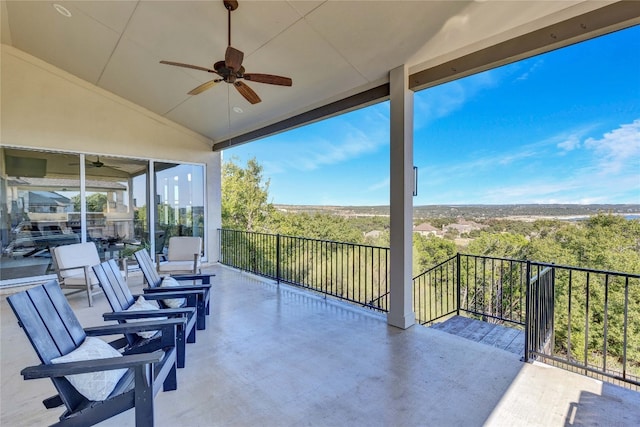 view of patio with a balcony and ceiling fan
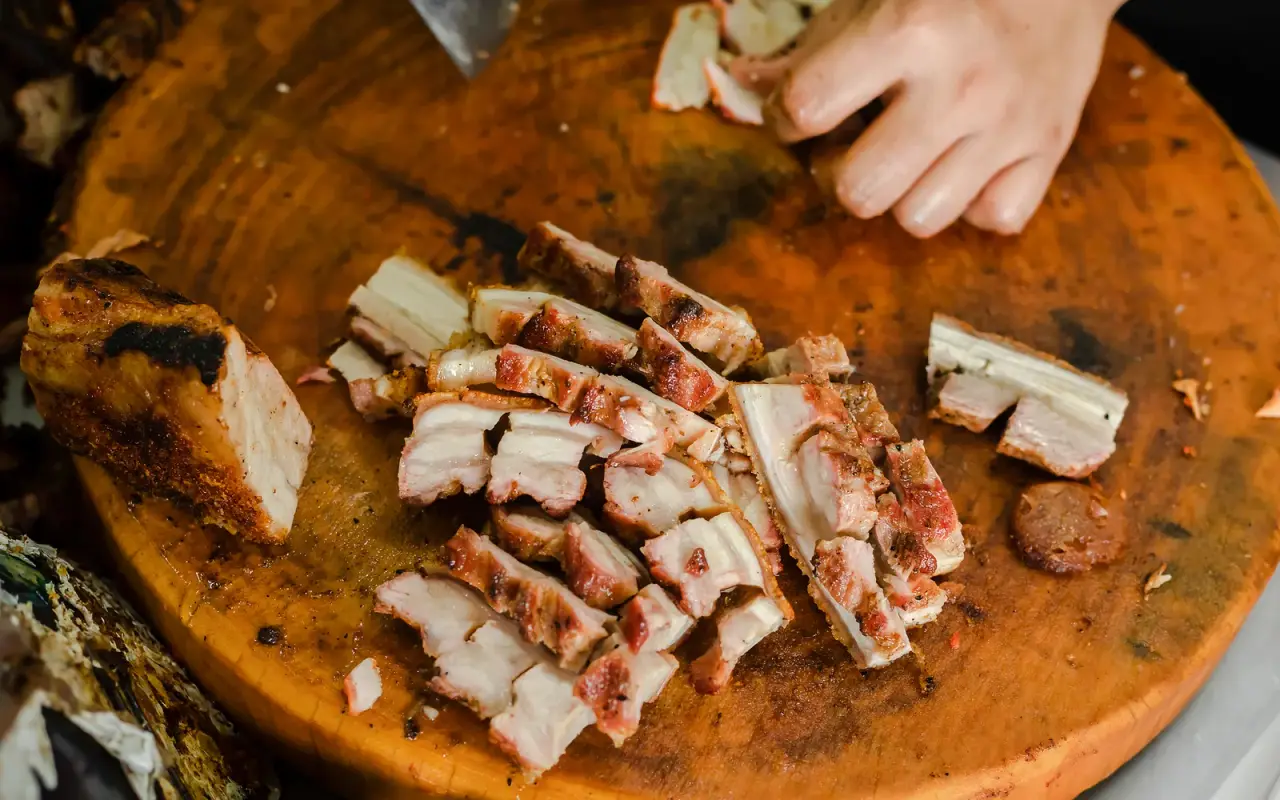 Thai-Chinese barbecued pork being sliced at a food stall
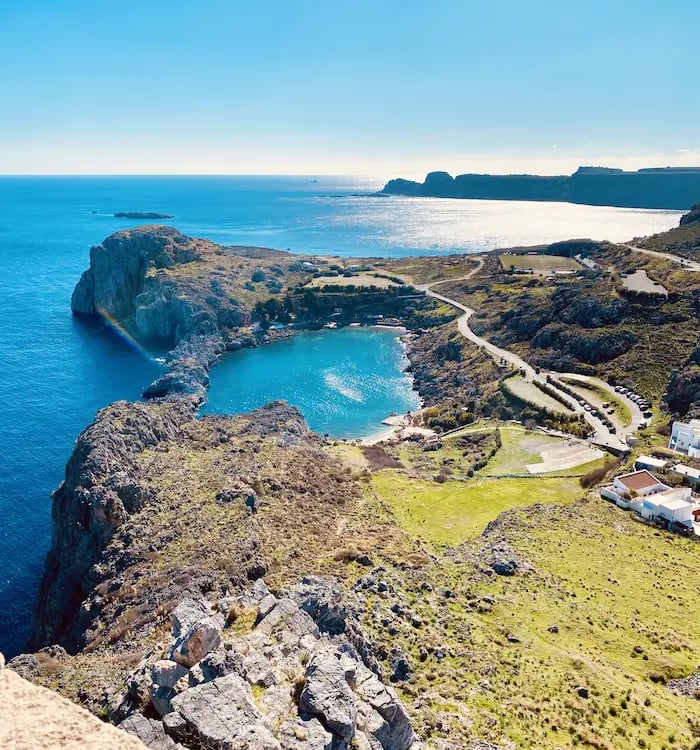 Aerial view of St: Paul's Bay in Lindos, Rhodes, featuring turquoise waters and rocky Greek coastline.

| EXERCISE |
Send back every line above exactly, skipping all pictures.

| EXPECTED ANSWER |
 view of patio with a balcony and ceiling fan
 Thai-Chinese barbecued pork being sliced at a food stall
 Aerial view of St: Paul's Bay in Lindos, Rhodes, featuring turquoise waters and rocky Greek coastline.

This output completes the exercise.